I told myself I could afford half a day away from gardening, so on the spur of the moment I headed out with a paddling buddy to paddle Lake Eugenia, not the open lake but the stump-filled and marshy southern reaches where the Beaver River enters the lake.
Lake Eugenia is an artificial lake, created by what is now Ontario Hydro, in 1914 when the Beaver River was dammed to generate electricity and the Eugenia Power Plant began its life. Quite a few farms were purchased by the government, and flooded, but in parts of the lake, the trees were simply cut down, leaving stumps. So in the upper shallow end of the lake the stumps all stick out of the water. Makes for some tricky paddling.
We paddled through that, and headed up the channel of the Beaver River, though it`s flooded quite a bit deeper than it was originally. I was in my little `single`canoe, which I love paddling to explore places like this.

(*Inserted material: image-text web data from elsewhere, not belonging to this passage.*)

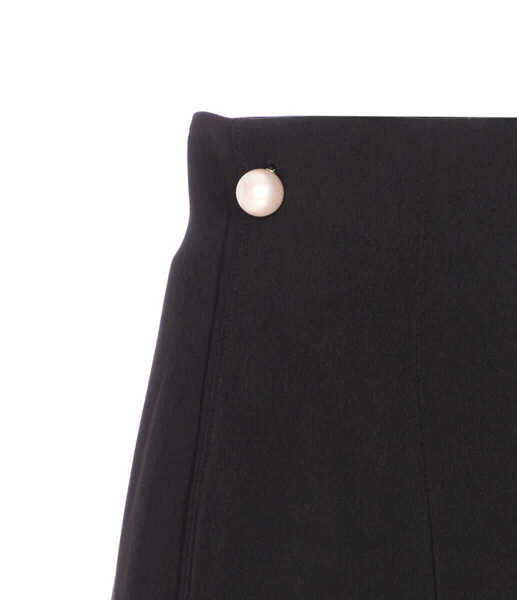 Pantaloni casual Liu Jo Liu Jo Shorts Black Femei (BM 19351431) 3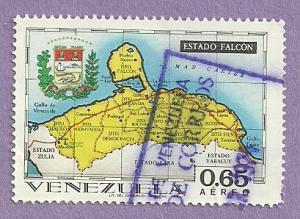 Venezuela Used Stamp / Scott C1043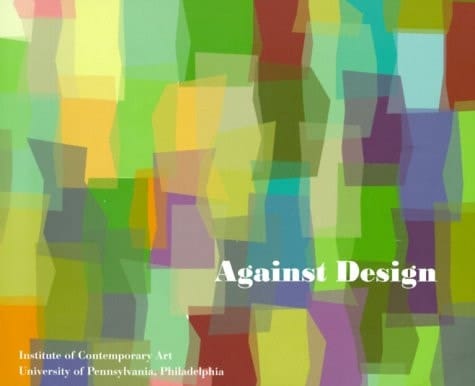 Against Design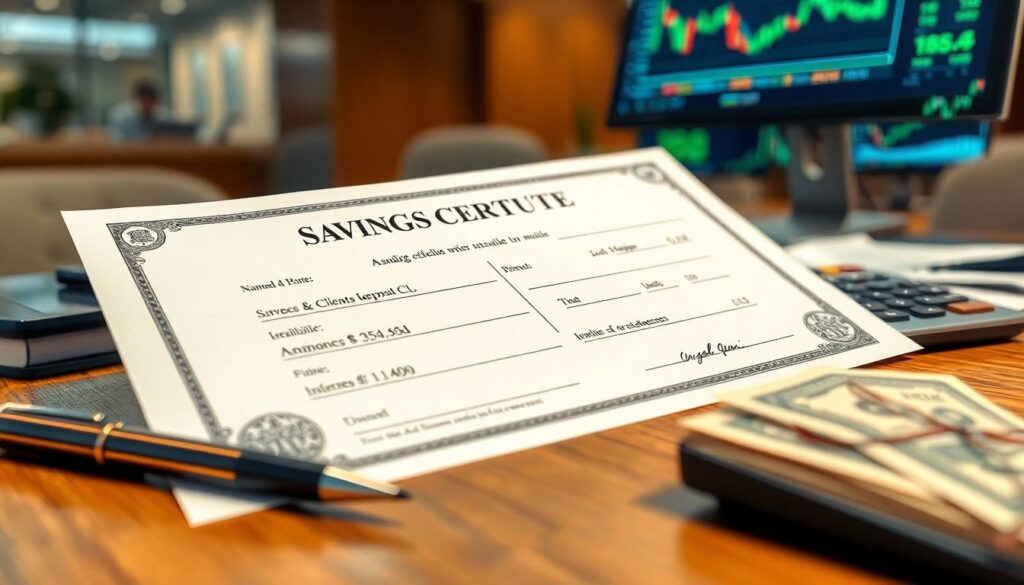 Что такое сберегательный сертификат - иллюстрация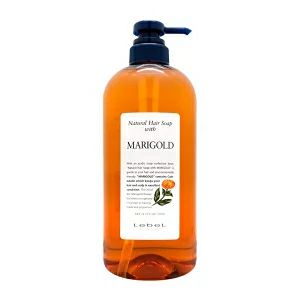 ルベル ナチュラルヘアソープウィズMG(マリーゴールド)720ml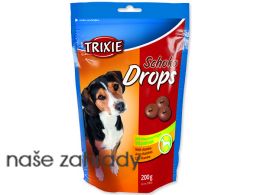 Dropsy TRIXIE Dog čokoládové 200 g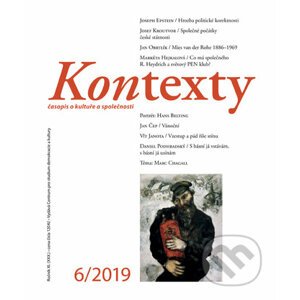 Kontexty 6/2019 - Centrum pro studium demokracie a kultury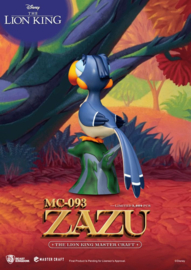 PRE-ORDER Disney Master Craft Statue The Lion King Zazu 20 cm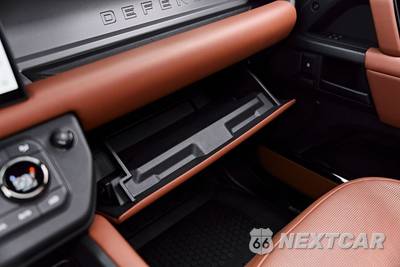2025 Land Rover Defender 110 OCTA Edition One - zdjęcie 86 z 87 - miniatura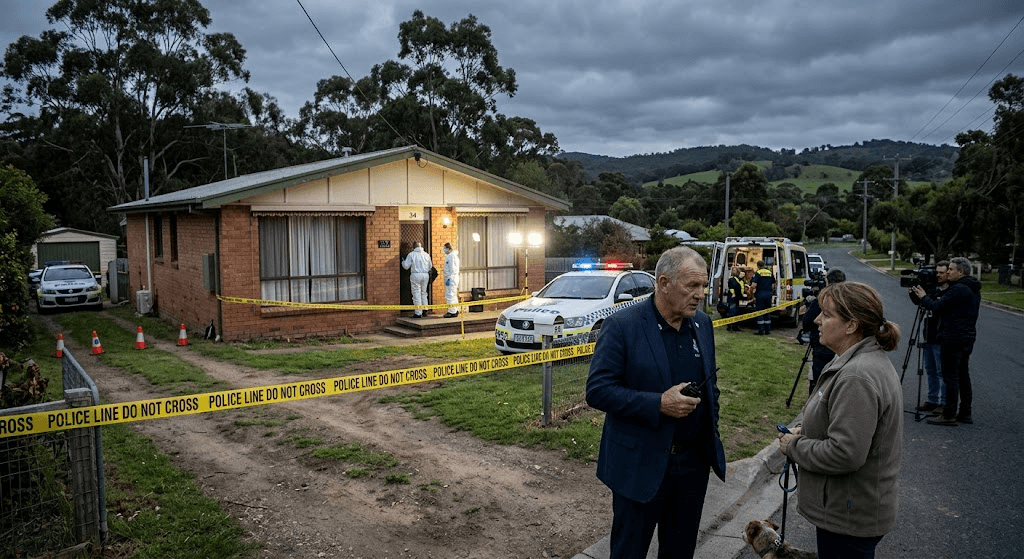 Horrific Assault in Australia: 3 Fighting for Life After Brutal Axe Attack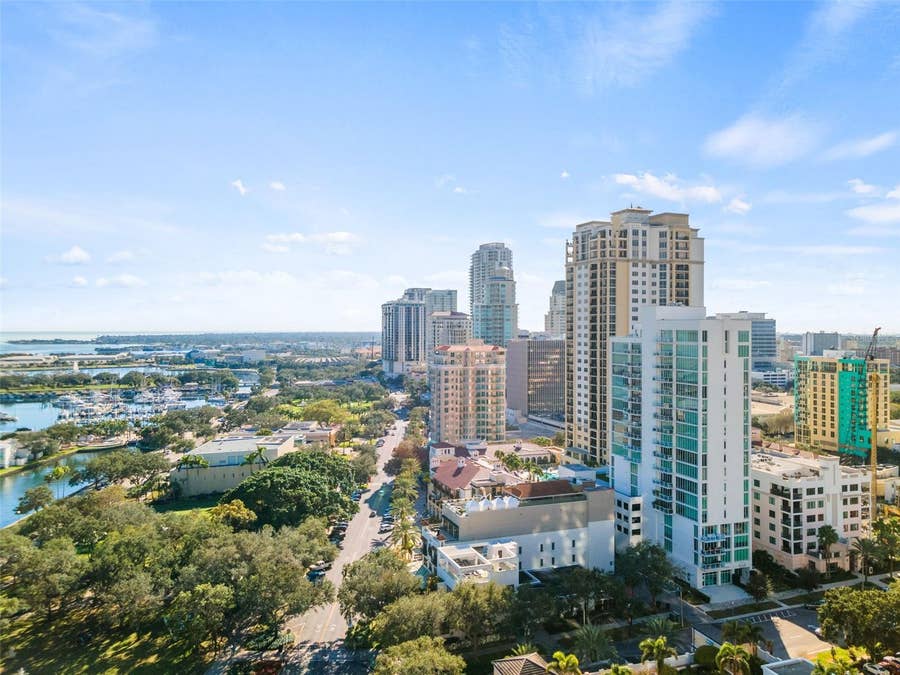 Property photo for 176 4TH AVENUE NE, #602, St Petersburg, FL
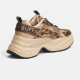 BUFFALO, Yuno, Vegan nappa/fur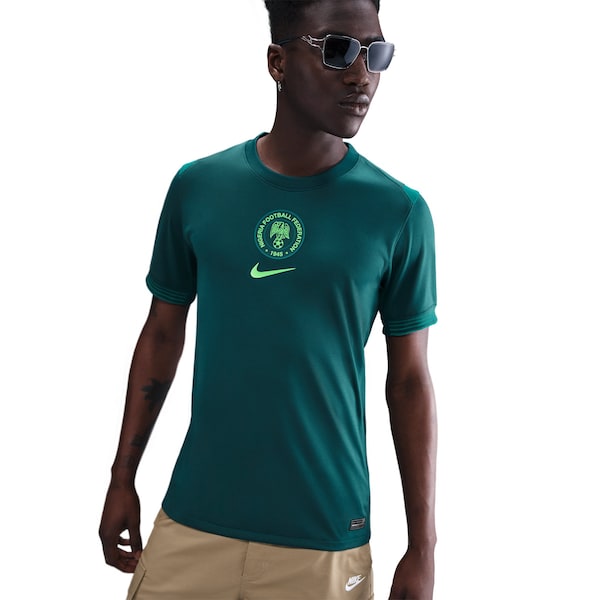 Nigeria Home Shirt 2025/26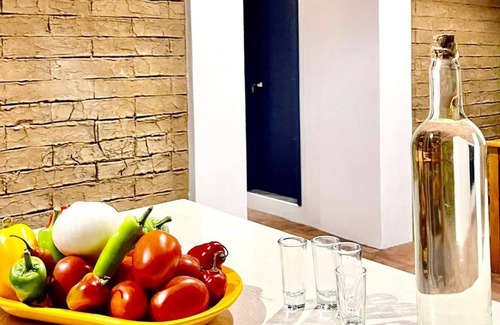 Tlacolula de Matamoros Casa | Casa Lula is a nice centrally located house, close to everything.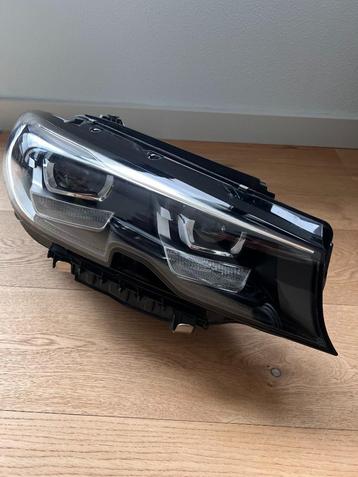 Koplamp BMW 3 Serie G20 G21 FULL LED 5A1DB38-01 RECHTS beschikbaar voor biedingen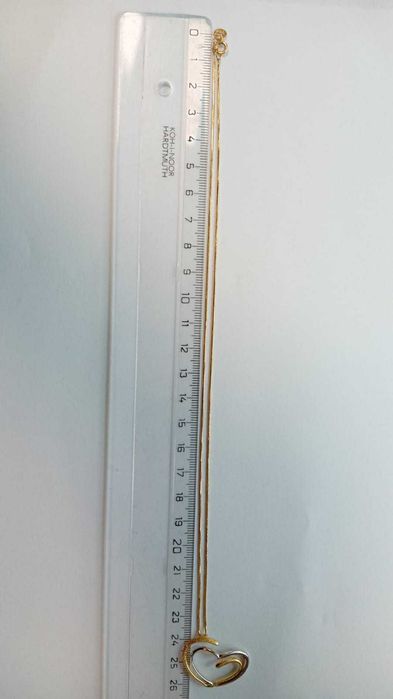 (AG 35) Lant aur 18K 6.74 gr B.33051 / Vanzare in agentie/ 4362 lei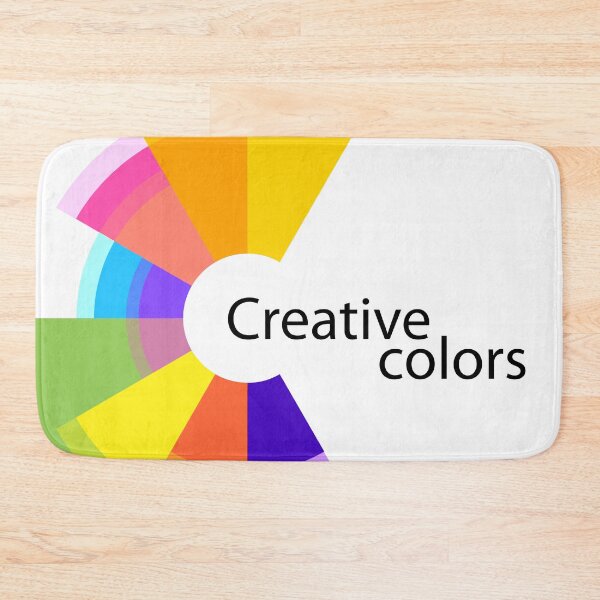 Item preview, creative colorful Letter C designed and sold by yassineddy.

We went as far as we could, but eventually the way is blocked by fallen trees. This is where the flooded portion of the river ends, and you begin to have to paddle against a current, a fairly serious current. And as we got in among the trees the bugs found us of course.
We were paddling across lots of logs in the water beneath us. This one crossed the entire river, so if the water level dropped far it would be a barrier.
The logs look so clear under the water, sometimes it`s hard to believe that you can paddle right across them.
In several places there were Marsh Marigold tumbling over the banks, their bright yellow flowers reflected in the water.
Another big stump as we paddled down out into the lake again. Those circles of roots are under all the stumps, under the water, but this big one had obviously fallen over (or been pushed by winter ice).
There`s a pair of swans nesting in the area, and we saw one adult Mute Swan (see its orange beak). It never moved far so I suspect it was guarding its mate on a nest in the reeds. We stayed well away.
We also saw a very large gull, just sitting on one of the stumps. No appearances of a nest nearby, but it stayed still while I got remarkably close as I paddled by. This view is uncropped.
I double-checked and it`s a Herring Gull. In this cropped version, you can see the red spot on its bill. It also has those the black-tipped grey wings, and flesh-coloured legs.